**Task requirements**
Because only the text is wanted, repeat the records below exactly and omit the pictures.

(Material shown begins)

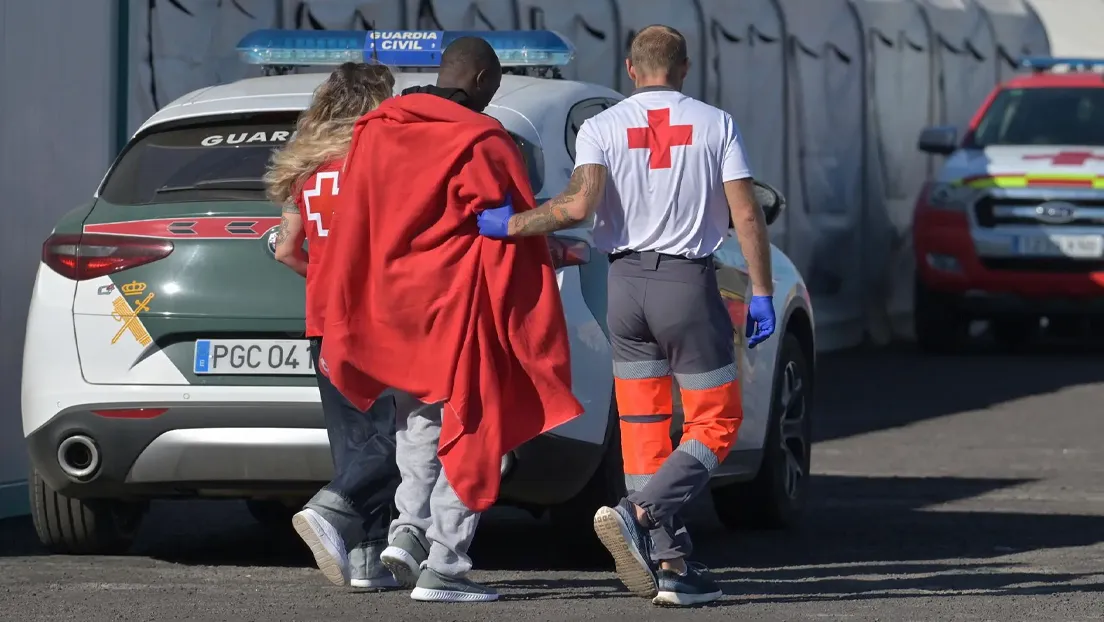 Una quinta patera eleva a 237 la cifra de inmigrantes llegados durante este viernes a las islas Canarias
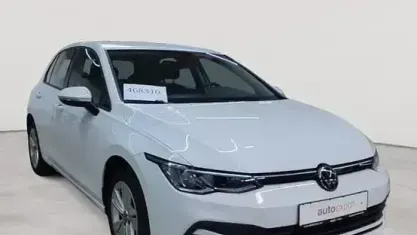Gebraucht VW Golf VIII Life 131 PS (96 kW) 2022 Pure white Limousine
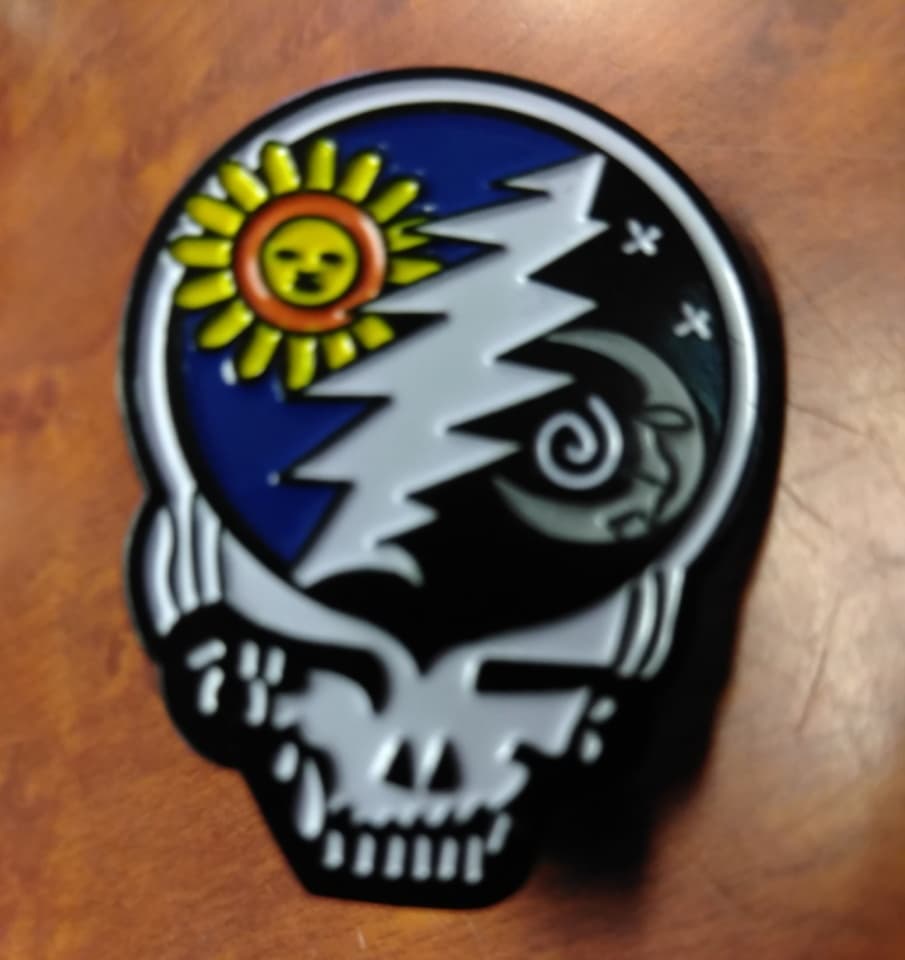 Grateful Dead Sun and Moon Hat Pin - HalfMoonMusic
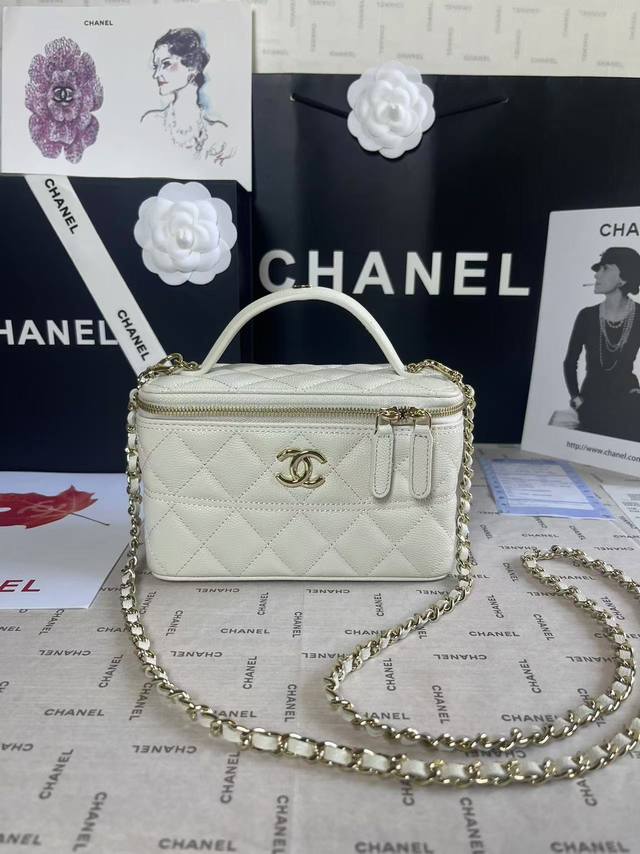 现货型号:A 4简介:原单质量,经典之作,华丽与气质的前沿,是你意想不到的尊贵。皮种:原单进口球纹皮,里配原版布。五金:原版五金配制尺寸8.5 11 7Cm 现货型号:A 4简介:原单质量,经典之作,华丽与气质的前沿,是你意想不到的尊贵。皮种:原单进口球纹皮,里配原版布。五金:原版五金配制尺寸8.5 11 7Cm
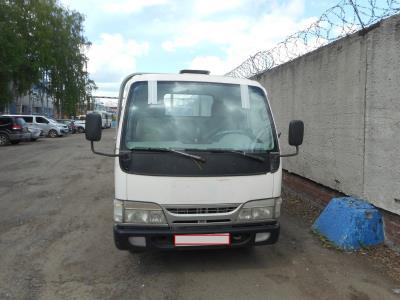 лобовое стекло NISSAN ATLAS (2001 г.в.) на технике лобовое стекло NISSAN ATLAS (2001 г.в.) на технике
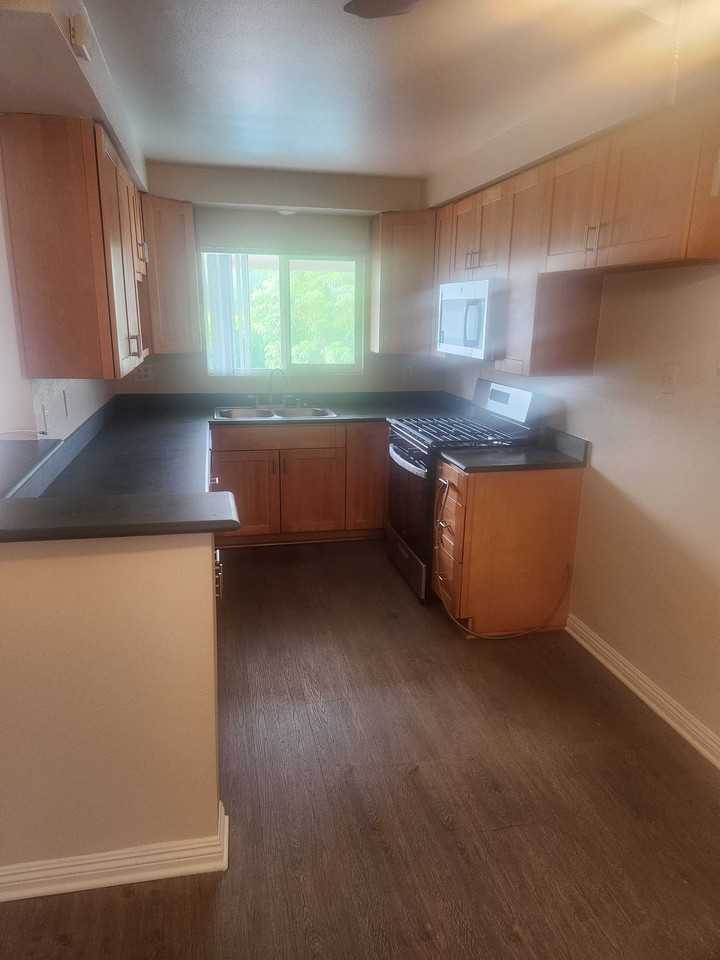 901 N Walnut St #Q - Photo 4 of 12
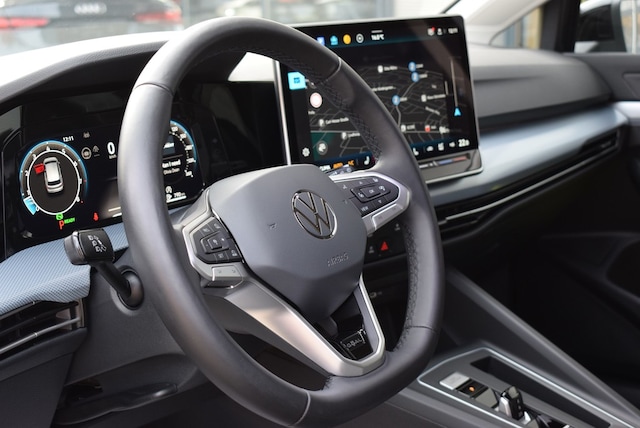 Volkswagen Golf 1.5 eTSI DSG Golf VIII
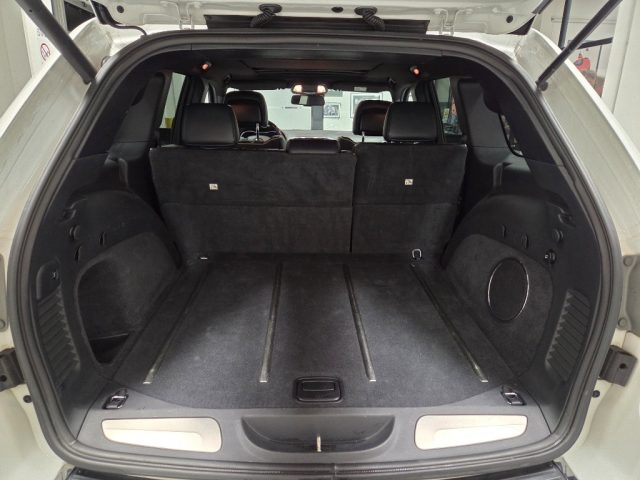 JEEP Grand Cherokee usata, con Cronologia tagliandi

(Material shown ends)

**Result of the exercise**
 Una quinta patera eleva a 237 la cifra de inmigrantes llegados durante este viernes a las islas Canarias
Gebraucht VW Golf VIII Life 131 PS (96 kW) 2022 Pure white Limousine
 Grateful Dead Sun and Moon Hat Pin - HalfMoonMusic
 现货型号:A 4简介:原单质量,经典之作,华丽与气质的前沿,是你意想不到的尊贵。皮种:原单进口球纹皮,里配原版布。五金:原版五金配制尺寸8.5 11 7Cm 现货型号:A 4简介:原单质量,经典之作,华丽与气质的前沿,是你意想不到的尊贵。皮种:原单进口球纹皮,里配原版布。五金:原版五金配制尺寸8.5 11 7Cm
 лобовое стекло NISSAN ATLAS (2001 г.в.) на технике лобовое стекло NISSAN ATLAS (2001 г.в.) на технике
 901 N Walnut St #Q - Photo 4 of 12
 Volkswagen Golf 1.5 eTSI DSG Golf VIII
 JEEP Grand Cherokee usata, con Cronologia tagliandi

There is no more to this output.